Europe's tourist nights hit a record in 2024. The map tells the real story.
The COVID crash, the unequal recovery, and the 20 regions that absorb one in five European tourist nights.
3.1 billion tourist nights were spent at accommodation across the EU in 2024. That is a new all-time record, up 7% from 2019, and nearly double what Europe managed at the depths of the COVID crash in 2020.
The recovery arc looks almost too clean.
But the aggregate number hides something. European tourism is not evenly distributed. It never was.
Of the 1,204 NUTS3 sub-regions tracked in this dataset, the top 20 alone account for 644 million nights, one in five of every tourist night spent in the EU. Mallorca received 55 million.
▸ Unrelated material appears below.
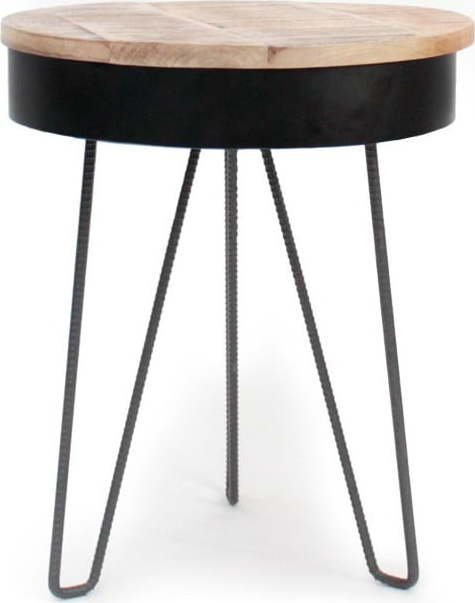 Černý odkládací stolek s dřevěnou deskou LABEL51 Saria LABEL51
That is more than the entire country of the Netherlands.
Spain dominates. Nine of the top 20 regions are Spanish: Mallorca, Barcelona, Tenerife, Alicante, Madrid, Malaga, Gran Canaria, Girona, Tarragona. The second biggest national presence is Italy with four: Rome, Venice, Bolzano-Bozen, and a Greek island cluster rounding out the list.
The recovery was not equal either. La Palma in the Canary Islands is still 78% below its 2019 numbers, a direct consequence of the 2021 volcanic eruption. Gozo in Malta is down 73%. Meanwhile dozens of inland and rural regions across Belgium, Romania, and Germany more than doubled their tourist nights from a very low base.
The story of European tourism in 2024 is not just a record broken. It is the same places absorbing more of a growing total, while a handful of regions are still waiting to come back.
Data: EU Tourism Dashboard, TOUR_NIGHT_SPENT, 2019 to 2024.